Maybe she's a little more buzzed than she thought.
"You're a good friend," she says. "You know me really well."
"Oh, yeah, duh," says Lydia, glancing away from the TV. "Are you getting all sloppy affectionate drunk? Do you do that? It's been so long I can't even remember. That is how long it's been since you had fun."
"I have fun," Allison protests. "But I could stand to have more fun," she adds.
"That's all I'm saying." She swings her feet out of Allison's lap and goes for the champagne. "Okay, almost midnight," she says. "Time for champagne. Do you have champagne flutes?"
"Of course not." She makes a face. "The dishwasher's dirty. I think I have free novelty mugs I stole from work."
Lydia rolls her eyes. "Wow, don't get too fancy. Go grab a couple. It'll do."
They fill up the mugs and head back to the couch. Allison snarks a few of the outfits as well, and the grin Lydia gives her makes her feel lit up inside.
That's probably why, instead of clinking her mug against Lydia's at midnight, she leans in and kisses her. It's soft and quick, and somehow familiar, maybe just because she's thought about it before, every now and then. It's just never seemed like the right time, not with Jackson and Scott and Aiden and a parade of people in their lives and things going on.
Lydia doesn't seem surprised. She lets the kiss happen for a second, and then Allison hears the sound of her mug on the table and Lydia's hand wraps around the back of her neck, pulling her closer. Allison puts her own mug down and then they're kissing--really kissing, hot and wet and perfect--and it's exactly what she hadn't quite figured out she wanted.

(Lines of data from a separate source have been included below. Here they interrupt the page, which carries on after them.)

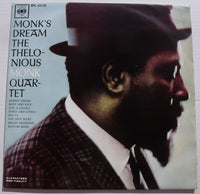 The Thelonious Monk Quartet : Monk's Dream (LP, Album, Mono)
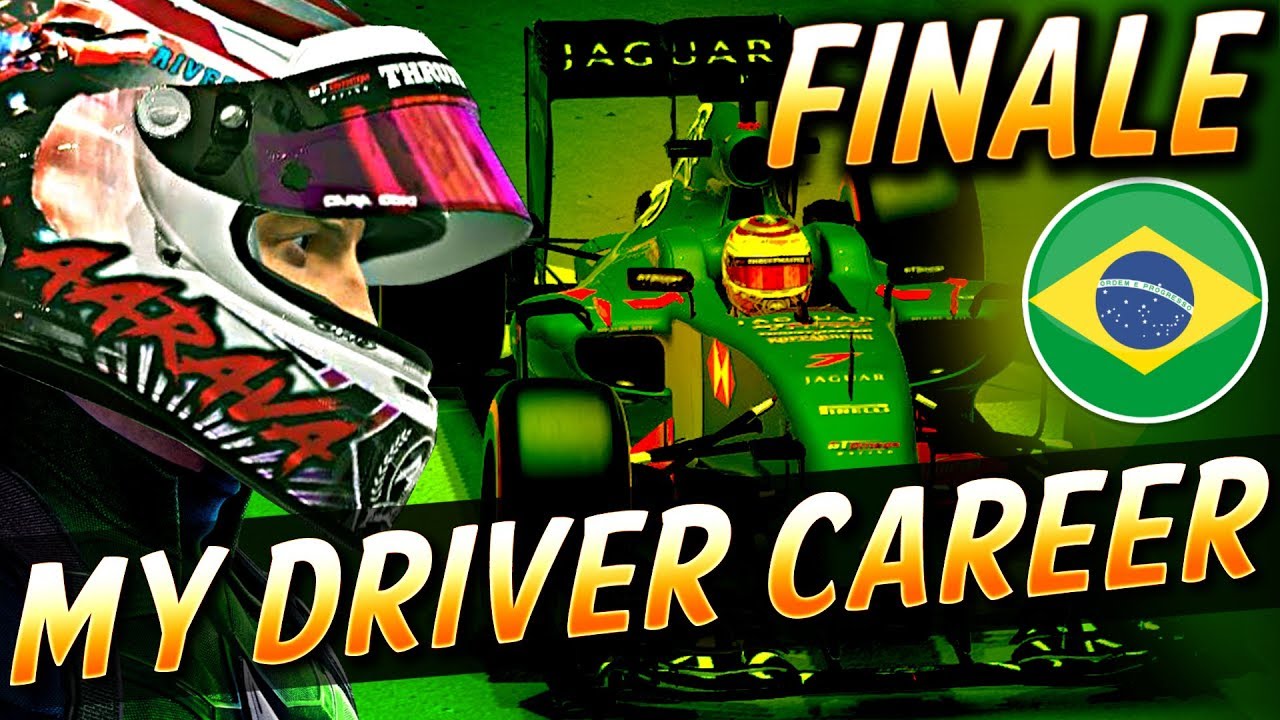 CHAMPIONSHIP DECIDER! - F1 MyDriver CAREER S6 FINALE: BRAZIL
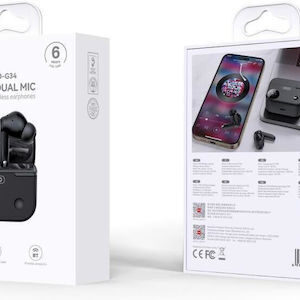 Wireless Microphone ANC+ENC Dual Mic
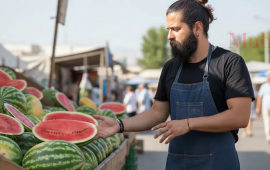 Məşhur m&uuml;ğənni aylar sonra &uuml;zə &ccedil;ıxdı: Qayıqda yaşayır, bazarda qarpız satır... 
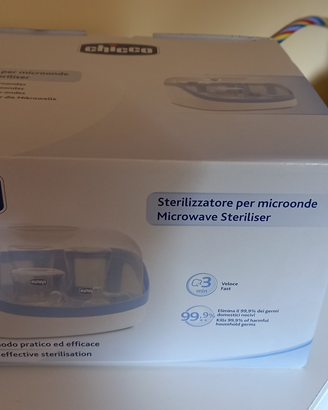 Sterilizzatore per microonde Chicco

When Lydia pulls back, Allison chases her mouth for a second, and Lydia laughs. "Okay, before we go any further, I've got some ground rules."
"Three nights a week," Lydia says firmly. "Drinks or dates or just staying in and having sex. I want three nights a week. You need some time off anyway."
Allison laughs. "You're secretly not totally selfish."
"Not totally selfish," Lydia agrees, with a smirk. "Just, like, ninety percent. So, deal?"
"Perfect," says Lydia, and kisses her again.
It's shaping up to be a pretty good year, all things considered.